-- Try it --
In the entries that follow, find the line containing "22040 Mid Way, Tehachapi, CA 93561 photo 8"; from there, copy every line exactly through the line containing "Rotted zombie Corpse".

Short text fragments from websites:
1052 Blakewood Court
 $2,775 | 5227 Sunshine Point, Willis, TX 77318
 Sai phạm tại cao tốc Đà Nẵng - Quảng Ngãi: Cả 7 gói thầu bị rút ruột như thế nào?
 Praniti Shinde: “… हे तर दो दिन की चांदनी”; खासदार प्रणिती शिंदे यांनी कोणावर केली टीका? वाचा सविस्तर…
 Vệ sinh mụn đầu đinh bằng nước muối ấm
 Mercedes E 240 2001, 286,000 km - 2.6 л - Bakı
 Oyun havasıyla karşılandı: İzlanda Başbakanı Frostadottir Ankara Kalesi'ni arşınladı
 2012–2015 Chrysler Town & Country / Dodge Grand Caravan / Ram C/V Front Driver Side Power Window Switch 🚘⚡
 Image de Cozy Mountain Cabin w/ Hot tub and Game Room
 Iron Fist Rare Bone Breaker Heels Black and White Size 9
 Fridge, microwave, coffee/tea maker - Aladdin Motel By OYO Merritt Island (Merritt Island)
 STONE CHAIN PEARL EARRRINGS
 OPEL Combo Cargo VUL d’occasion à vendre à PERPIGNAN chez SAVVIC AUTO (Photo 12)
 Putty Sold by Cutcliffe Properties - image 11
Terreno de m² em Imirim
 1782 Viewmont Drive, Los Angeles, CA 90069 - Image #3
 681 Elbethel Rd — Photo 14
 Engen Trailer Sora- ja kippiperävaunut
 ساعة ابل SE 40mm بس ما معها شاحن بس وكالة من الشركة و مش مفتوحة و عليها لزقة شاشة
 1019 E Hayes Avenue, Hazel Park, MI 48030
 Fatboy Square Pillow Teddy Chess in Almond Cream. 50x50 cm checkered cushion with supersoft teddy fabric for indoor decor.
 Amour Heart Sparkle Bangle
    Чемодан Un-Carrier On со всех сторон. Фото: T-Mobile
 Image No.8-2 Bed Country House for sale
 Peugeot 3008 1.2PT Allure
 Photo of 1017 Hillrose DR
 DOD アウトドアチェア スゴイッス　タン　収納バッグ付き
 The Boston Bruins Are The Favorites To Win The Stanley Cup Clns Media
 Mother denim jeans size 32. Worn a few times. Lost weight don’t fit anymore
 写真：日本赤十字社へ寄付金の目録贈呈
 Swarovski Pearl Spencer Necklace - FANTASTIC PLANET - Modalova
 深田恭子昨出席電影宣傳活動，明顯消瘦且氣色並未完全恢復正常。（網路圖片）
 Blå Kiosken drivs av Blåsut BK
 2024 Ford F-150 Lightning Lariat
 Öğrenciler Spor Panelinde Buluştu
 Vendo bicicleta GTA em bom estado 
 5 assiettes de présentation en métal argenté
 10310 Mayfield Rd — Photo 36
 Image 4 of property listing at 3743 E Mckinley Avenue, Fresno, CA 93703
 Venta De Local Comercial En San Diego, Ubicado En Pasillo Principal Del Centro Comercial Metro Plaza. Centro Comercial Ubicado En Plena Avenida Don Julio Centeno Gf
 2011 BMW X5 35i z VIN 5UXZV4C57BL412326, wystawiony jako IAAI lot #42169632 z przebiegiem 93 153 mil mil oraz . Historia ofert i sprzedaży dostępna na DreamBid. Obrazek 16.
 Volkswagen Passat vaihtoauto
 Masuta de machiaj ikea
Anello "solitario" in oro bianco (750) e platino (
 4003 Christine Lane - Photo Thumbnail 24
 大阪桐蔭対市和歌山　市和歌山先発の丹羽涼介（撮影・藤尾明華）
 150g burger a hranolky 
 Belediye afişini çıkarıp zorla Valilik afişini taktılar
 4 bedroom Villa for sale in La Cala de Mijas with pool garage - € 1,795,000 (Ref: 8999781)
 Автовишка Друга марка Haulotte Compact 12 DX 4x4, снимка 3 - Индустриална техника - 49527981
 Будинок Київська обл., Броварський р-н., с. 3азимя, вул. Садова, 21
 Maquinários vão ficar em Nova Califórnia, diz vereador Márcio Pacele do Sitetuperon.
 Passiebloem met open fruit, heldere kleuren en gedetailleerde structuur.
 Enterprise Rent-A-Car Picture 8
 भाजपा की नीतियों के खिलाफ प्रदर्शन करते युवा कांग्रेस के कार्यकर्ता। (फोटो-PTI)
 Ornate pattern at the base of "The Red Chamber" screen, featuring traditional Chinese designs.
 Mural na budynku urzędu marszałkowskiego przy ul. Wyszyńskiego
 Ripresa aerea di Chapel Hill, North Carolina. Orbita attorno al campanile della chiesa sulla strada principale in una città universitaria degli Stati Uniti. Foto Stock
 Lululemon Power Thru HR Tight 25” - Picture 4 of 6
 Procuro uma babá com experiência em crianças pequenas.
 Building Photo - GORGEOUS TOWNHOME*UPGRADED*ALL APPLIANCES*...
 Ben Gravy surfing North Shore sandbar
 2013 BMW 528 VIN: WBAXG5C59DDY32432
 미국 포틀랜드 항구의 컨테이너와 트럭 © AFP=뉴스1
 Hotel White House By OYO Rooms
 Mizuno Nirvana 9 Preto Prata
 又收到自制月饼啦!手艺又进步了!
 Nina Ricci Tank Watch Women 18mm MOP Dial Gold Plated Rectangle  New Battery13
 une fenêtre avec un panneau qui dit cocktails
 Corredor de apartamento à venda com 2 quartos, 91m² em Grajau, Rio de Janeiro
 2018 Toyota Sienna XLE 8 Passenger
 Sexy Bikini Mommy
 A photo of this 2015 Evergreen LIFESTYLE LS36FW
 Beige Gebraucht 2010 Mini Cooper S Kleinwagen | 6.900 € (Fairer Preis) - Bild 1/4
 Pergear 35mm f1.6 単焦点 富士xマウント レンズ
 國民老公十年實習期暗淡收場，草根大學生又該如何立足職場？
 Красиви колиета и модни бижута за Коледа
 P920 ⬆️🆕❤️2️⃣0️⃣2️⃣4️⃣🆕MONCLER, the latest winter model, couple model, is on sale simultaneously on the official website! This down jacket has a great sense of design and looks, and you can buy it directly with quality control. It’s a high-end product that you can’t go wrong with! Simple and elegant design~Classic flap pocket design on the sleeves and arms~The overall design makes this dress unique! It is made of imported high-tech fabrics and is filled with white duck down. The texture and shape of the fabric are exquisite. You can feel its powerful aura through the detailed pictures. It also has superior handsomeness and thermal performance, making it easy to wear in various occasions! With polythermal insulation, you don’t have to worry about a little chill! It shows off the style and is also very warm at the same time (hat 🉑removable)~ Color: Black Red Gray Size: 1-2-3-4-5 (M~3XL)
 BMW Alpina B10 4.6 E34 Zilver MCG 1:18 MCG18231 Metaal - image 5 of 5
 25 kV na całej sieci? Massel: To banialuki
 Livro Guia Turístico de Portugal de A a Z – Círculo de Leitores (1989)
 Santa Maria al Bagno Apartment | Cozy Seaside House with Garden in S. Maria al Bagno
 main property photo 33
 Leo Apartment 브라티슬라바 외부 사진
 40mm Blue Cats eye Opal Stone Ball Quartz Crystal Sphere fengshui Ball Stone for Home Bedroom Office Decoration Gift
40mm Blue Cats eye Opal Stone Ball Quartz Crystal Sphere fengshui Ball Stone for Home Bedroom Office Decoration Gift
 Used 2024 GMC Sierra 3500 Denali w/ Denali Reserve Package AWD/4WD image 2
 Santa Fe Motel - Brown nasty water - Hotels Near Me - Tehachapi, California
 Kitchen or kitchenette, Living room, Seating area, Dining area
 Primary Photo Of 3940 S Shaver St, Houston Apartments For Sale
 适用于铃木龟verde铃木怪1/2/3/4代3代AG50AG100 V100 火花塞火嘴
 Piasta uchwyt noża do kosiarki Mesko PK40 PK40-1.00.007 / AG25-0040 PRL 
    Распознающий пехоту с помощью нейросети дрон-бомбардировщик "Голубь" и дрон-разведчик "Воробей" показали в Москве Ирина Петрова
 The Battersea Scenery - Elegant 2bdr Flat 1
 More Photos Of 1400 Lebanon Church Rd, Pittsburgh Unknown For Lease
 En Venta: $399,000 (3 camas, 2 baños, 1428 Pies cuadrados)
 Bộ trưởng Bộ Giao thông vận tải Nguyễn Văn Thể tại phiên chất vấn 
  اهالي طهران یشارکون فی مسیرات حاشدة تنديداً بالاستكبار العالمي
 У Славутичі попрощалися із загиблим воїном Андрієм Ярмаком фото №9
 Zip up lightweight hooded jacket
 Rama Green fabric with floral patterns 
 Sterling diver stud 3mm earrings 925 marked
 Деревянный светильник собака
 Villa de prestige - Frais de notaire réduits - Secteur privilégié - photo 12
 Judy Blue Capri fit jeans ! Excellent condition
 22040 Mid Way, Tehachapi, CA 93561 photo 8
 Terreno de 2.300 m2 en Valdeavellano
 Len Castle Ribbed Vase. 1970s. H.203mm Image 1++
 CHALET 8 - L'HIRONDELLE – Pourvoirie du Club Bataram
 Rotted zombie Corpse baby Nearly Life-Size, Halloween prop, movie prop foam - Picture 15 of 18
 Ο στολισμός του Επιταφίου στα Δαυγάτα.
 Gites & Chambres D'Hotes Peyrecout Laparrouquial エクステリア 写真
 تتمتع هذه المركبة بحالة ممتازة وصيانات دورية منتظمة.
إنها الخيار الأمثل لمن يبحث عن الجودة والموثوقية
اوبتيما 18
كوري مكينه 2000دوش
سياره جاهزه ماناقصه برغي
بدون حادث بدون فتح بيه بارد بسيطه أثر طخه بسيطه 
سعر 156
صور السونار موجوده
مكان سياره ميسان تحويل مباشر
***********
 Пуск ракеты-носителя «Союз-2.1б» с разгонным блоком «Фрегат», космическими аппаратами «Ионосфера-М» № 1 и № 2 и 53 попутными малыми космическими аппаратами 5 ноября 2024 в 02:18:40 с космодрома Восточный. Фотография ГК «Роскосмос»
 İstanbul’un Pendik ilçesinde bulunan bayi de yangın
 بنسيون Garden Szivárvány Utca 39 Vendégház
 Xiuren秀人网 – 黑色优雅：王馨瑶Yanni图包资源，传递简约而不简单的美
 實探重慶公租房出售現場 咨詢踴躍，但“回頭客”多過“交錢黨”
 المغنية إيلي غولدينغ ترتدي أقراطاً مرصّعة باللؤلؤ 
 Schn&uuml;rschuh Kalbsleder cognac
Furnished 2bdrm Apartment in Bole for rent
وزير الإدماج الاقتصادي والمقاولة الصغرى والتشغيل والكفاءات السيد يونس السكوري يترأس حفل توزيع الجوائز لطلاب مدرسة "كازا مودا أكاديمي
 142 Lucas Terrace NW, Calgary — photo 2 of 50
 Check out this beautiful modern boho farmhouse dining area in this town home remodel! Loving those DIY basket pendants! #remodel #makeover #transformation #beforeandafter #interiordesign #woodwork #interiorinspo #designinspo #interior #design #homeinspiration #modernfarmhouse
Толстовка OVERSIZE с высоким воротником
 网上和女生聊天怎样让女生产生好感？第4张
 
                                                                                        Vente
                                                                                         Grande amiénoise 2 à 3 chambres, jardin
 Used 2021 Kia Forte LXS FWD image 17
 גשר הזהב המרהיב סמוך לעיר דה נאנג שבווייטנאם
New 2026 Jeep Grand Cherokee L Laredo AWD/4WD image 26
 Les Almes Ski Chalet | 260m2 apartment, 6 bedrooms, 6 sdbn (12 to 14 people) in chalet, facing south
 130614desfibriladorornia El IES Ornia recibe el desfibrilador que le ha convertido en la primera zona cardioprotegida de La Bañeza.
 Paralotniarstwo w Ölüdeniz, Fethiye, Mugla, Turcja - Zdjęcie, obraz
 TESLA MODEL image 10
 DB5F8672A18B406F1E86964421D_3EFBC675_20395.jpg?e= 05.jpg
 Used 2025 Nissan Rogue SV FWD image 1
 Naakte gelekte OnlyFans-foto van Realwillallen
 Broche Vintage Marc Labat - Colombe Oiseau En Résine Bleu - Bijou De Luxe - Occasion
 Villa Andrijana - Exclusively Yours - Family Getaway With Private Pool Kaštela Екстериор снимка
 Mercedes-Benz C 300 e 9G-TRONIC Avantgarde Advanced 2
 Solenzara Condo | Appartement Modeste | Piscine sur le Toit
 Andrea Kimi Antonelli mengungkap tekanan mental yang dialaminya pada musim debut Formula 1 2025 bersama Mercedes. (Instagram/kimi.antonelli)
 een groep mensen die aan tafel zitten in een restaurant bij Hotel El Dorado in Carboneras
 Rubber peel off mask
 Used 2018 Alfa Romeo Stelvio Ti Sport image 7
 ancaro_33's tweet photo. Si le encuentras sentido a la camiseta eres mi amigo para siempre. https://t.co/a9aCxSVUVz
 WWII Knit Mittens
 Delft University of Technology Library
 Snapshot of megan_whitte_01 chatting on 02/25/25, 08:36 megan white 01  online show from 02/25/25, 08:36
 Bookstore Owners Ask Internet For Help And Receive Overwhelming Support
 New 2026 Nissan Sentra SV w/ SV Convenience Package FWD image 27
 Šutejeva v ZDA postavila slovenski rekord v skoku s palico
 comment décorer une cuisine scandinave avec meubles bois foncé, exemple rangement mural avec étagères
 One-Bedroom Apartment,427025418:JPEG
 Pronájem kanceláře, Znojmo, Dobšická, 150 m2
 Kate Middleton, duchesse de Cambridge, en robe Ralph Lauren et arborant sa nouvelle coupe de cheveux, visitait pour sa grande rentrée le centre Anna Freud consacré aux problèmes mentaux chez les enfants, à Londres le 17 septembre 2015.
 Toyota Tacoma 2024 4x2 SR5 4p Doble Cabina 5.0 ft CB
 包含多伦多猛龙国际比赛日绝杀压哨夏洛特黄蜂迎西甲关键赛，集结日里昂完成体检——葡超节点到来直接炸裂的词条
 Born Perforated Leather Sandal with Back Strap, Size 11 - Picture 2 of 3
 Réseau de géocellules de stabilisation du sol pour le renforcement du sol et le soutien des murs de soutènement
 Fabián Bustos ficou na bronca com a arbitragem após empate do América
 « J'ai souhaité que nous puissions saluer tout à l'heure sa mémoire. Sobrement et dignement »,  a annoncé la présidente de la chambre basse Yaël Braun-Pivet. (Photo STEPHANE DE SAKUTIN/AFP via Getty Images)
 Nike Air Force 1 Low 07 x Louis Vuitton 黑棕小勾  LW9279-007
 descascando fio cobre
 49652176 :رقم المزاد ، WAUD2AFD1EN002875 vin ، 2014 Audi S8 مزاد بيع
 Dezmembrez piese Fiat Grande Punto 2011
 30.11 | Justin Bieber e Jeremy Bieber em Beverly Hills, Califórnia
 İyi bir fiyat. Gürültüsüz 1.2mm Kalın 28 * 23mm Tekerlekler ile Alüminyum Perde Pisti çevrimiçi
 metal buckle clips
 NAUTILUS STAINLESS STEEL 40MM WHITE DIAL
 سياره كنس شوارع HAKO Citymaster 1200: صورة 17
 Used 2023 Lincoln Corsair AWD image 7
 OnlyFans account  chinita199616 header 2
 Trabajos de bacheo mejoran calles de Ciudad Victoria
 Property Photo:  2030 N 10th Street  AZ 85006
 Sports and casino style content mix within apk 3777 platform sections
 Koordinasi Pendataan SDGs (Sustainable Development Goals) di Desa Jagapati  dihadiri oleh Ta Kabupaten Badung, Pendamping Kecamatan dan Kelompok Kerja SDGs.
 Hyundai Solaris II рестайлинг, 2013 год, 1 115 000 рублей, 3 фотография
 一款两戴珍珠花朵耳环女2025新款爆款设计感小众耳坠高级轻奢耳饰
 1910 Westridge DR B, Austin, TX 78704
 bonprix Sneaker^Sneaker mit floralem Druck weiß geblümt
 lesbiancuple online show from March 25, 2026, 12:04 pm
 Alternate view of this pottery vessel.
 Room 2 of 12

-- Solution for this exercise --
 22040 Mid Way, Tehachapi, CA 93561 photo 8
 Terreno de 2.300 m2 en Valdeavellano
 Len Castle Ribbed Vase. 1970s. H.203mm Image 1++
 CHALET 8 - L'HIRONDELLE – Pourvoirie du Club Bataram
 Rotted zombie Corpse baby Nearly Life-Size, Halloween prop, movie prop foam - Picture 15 of 18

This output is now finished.